'Just Say No to PepsiCo': So Say 101 Indian workers.
One hundred million people and sixty million
cattle in India are in the
midst of a crippling drought. The states of
Gujarat, Rajasthan, Madhya
Pradesh, Orissa and Andhra Pradesh have been
hit with poor monsoon rain.
According to the Union Minister of State for
Heavy Industries and Public
Enterprises, the onus for the drought, however,
falls on 'administrative
failure.' Although the government anticipated
the drought in September 1999,
it did not procure fodder for the people and
livestock, nor did it construct
pipelines to draw water to the region. The
impact has been colossal.
Sureshwar Sinha of Pani Morcha (Water Front)
concluded that 'we owe the
drought to the government's disastrous policy
during the past 50 years, when
100 dams and canals were built. There is evidence
to show that as much as 55
percent of this water goes waste through evaporation
and other means.'
Strong words. If the people cannot get water,
they can at least ogle Pepsi
and Coke bottles. Government water tankers
visit the villages once in a
fortnight, and distribute a few liters of
water per head. But the bottles of
these soft drinks sit before the parched.
In most parts of India, Pepsi can
be procured for Rs. 9 (23 cents), but here
each bottle costs Rs. 16 (30
cents), a price unaffordable for the people.
The government relief works
project currently pays Rs 23 (53 cents) per
day, enough for one bottle of
the good stuff. Let them drink Pepsi.
Meanwhile, in the outskirts of Kanpur, far
from the drought, 101 workers at
a Pepsi bottling plant (50,000 crates/month,
with 24 bottles per crate)
learnt the real meaning of April Fool's Day.
Since 1995, these workers
belonged to a rightist union, Bharatiya Mazdoor
Sangh (BMS) who secured for
them wages to the tune of Rs. 2300-Rs. 3000
($76) per month, just about
above the minimum wage. These are not uneducated
workers who have no
recourse to some forms of cultural capital.
The young people who hold jobs
at the plant are highly educated (B. Sc.),
and many come from Dalit
(socially oppressed) communities who yearn
to lift themselves from poverty.
But the wages are far too low for that aspiration.
So what does a work force
do when confronted by a rapacious multinational
empire and a reluctant
rightist trade union? Well, scuttle their
ties to the Right and join the
Communist union, the Centre of Indian Trade
Unions (CITU). This is just what
the workers did in January of this year. On
2 February, the management of
the Pepsi plant fired the Union president
R. P. Singh and its Joint
Secretary Chauhan on the grounds of sabotage.

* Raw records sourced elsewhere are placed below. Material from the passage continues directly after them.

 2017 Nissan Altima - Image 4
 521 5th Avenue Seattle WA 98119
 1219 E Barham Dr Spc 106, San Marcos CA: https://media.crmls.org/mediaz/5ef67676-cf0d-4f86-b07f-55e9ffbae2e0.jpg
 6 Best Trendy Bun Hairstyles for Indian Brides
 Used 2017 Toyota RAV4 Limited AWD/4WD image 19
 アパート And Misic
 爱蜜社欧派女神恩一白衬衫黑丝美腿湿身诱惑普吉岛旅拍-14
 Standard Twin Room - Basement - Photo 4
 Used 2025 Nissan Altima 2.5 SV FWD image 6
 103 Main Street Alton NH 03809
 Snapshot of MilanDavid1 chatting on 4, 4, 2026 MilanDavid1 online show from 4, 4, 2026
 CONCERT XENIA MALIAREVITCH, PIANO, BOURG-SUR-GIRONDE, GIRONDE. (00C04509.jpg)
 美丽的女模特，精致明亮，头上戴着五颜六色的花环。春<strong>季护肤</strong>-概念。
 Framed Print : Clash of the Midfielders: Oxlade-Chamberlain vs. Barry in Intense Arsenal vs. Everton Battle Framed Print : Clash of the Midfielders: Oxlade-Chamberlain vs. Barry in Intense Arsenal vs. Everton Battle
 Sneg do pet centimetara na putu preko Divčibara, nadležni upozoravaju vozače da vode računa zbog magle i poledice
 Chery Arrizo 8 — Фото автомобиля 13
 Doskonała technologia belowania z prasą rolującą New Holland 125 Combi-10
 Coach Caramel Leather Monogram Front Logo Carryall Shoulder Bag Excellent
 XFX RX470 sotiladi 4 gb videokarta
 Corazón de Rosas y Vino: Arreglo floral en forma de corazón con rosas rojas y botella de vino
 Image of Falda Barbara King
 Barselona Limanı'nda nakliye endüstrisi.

At the time of the alleged
sabotage, Singh was not on duty and Chauhan
was in another part of the
factory. But who worries about details. An
inquiry began which was to end in
mid-March. By late March, the union was tired
of the management's silence,
so it threatened a one-day token strike on
30 March. Caught in deadlock, the
management chose April Fool's Day to lock
out the workers from the plant.
I'm not sure about you, but I felt a sense
of deja vu when I heard this story.
My clippings are reasonably good, so I went
and located my notes on a
September 1997 action taken by a Pepsi bottling
plant in Guatemala City
which fired 28 unionists when the union submitted
a contract that management
did not want to stomach. The Embotelladora
Mariposa, S. A., illegally went
after its three-year-old union, SITRAEMSA
who represented 360 of the 1300
employees at the plant. Shortly after the
firing, the management hired 75
new workers on a temporary basis, eager to
ward off the possibility of
strong bargaining by the workers.
Pepsico is a giant concern. In 1998, its revenues
totaled $22,348 million,
with profits of $1,993 million. Coca-Cola
is reasonably smaller, with
revenues of $18,813 million and profits of
$3,533 (according to the US
Business Reporter). Pepsi is much larger not
because itUs a better drink,
but because the empire includes the Frito-Lay
company (Lay's, Ruffles,
Tostitos, Doritos, Cheetos, Rold Gold, and
Sunchips), Pepsi/Lipton and a
vast number of fast food delivery services
(like KFC). With stagnation in
the domestic market and with the possibilities
opened up by IMF/WTO
imperialism, firms like Pepsico are on the
lookout to make the bulk of their
profits in the international market. Soft
drugs of all kinds (tobacco,
candy, and soft drinks) are to flood those
markets that have hitherto been
saved from the advance guard of the dentist.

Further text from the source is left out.